This is a complete misrepresentation of this thread. Most everyone in it seems to be saying (as politely as they can) that your question reflects a view of love that is completely foreign to the majority of people who have responded -- that the ability or need to "rank" love is antithetical to what love is for them.
The fact that you said your DH is the head of your household really pops out to me. That characterization really put the other posts in perspective. There is no "head of household" in our family. DH and I are equal partners. There is no rank between us. The love between us is between two equals. The love between us and our children is asymmetrical. These two things can't be compared.
Now I know lots of people IRL who do love their children more (or their spouse more), so I'm not saying it's not possible. In just about every case one partner either got married in order to have a family. For them, having children was the primary focus from the beginning. They weren't looking for intense romantic love so much as someone they thought would be a good father/mother. On the flip side, I know people who agreed to have children so that they could be married to someone they loved deeply. They didn't not want children, but the decision was driven by their partner, not them.
For me, finding a partner I was madly in love with came first. If I didn't find someone I didn't think my life would be more fulfilling with than without, I had no plans to marry. The decision to have children was second to the first. Since I didn't "need" to have children, the decision to have them was just as deliberate as the first. We did not have kids until we really wanted them.
Both loves are intense. Both are different. Asking me to compare them shows a disconnect in what I experience as love. I am not capable of answering your question, nor would I want to be in relationships where it is possible.
I do not see how it is a misrepresentation of the thread. In the first post, I asked a direct question
do you love your children more than your spouse to see if I was abnormal as DH claimed. The thread is titled can love be equal, but that was never the question I asked within the post (but rather a way to entice the debate). At that point, I did not know I would turn this into a study. My husband (who is very into stats) said the responses from random people would not be relevant unless there was a large enough sample size after the thread was already moving. I have not conducted a study since college. Since I am not a professional, I may not be conducting it properly. He will be sure to let me know (if I get statisical significance). For the purpose of the study, I am treating it like a mathematical comparison. In math, there are only three possible results when using comparison (more, less or equal). Anything that does not fall into one of those categories (thus not answering the question) cannot be used. That does not mean I do not appreciate the other responses and never said I did not. I even
loved the maternal love vs romantic love suggestion someone came up with, but those responses do not fit into the study. You are right that everyone has been polite, and I really do appreciate that. I have seen many threads get ugly and hope this one stays nice and rational without unpleasantries.

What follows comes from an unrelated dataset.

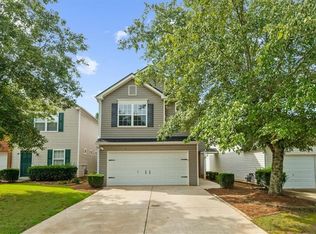 5180 Sky Ridge Way, Cumming, GA 30041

My DH is definitely the head of our household. While I do not see why that is relevant to why I love my kids more and he loves us all the same, I have no shame in admitting it. I do not think I would love DH as much as my kids even if I was the head of our household. We discuss our issues (never in front of the kids). Since many of our values are similar, we agree on the major issues quite often. When we disagree, someone has to make a call (in our family that is him). I am not always happy with the decision (there is one major one right now I am hoping he will change his mind on). That does not mean he does not listen to me, because he does and I always have a lot to say. He even comes around to my view at times too. On minor issues, the parent with the kid makes the call (which is usually me since DH works a lot). Being able to quantify things, I do not think partners can ever truly be equal (I know you and others disagree). Yes, there is some negotiation and compromise. Ultimately, there is one person who is getting his/her way more. I would have to take a deeper look to see who I think the actual alpha dog is. My sister claims she and her husband are equals, but I see her as the alpha. She over rules him a lot (especially when it comes to their kids). A relationship with two (true) alphas is not likely to make it in my opinion. Someone has to back off in a disagreement. Compromise can only get you so far. There are always points of contention to every relationship, so I do not believe people who claim they never disagree or that they both win the argument.
I do not know what IRL means. Is it in a relationship? It is never a good reason to marry someone (or stay married to someone) unless you love them. We agree that you should not marry for kids or reluctantly have kids to stay with the one you love. That is a recipe for disaster. The kids will see right through those issues.
Love should always come first. My DH who is my first and only love (been together since I was 16) discussed our wants and desires before our relationship got too serious. I did not want to fall for someone before I knew we were compatible and knew before I loved him that we wanted the same main things in life. If we did not want similar things out of life, we would have seprated before we fell in love and been none the wiser. Luckily, we wanted the same things, because I love him dearly to this day. I still love my kids more, but that does not mean I do not utterly love him more with each passing day. A friend of mine waited until after he fell in love only to find out she did not want kids. It was a deal breaker for him not to have kids, but he loved her. They stayed together for years after that, and finally one day, he decided he needed to be a Dad and let her go. Not good for either party. If you decided one day you wanted kids only to find out he did not, you might feel differently now. I am really glad it worked out (love before life goal discussions) with you and your husband.
I respect your decision that you cannot compare the loves or I would not have taken the time to respond (although I cannot use it in my study). As politically correct as it is to refuse to answer, I understand that some people simply cannot.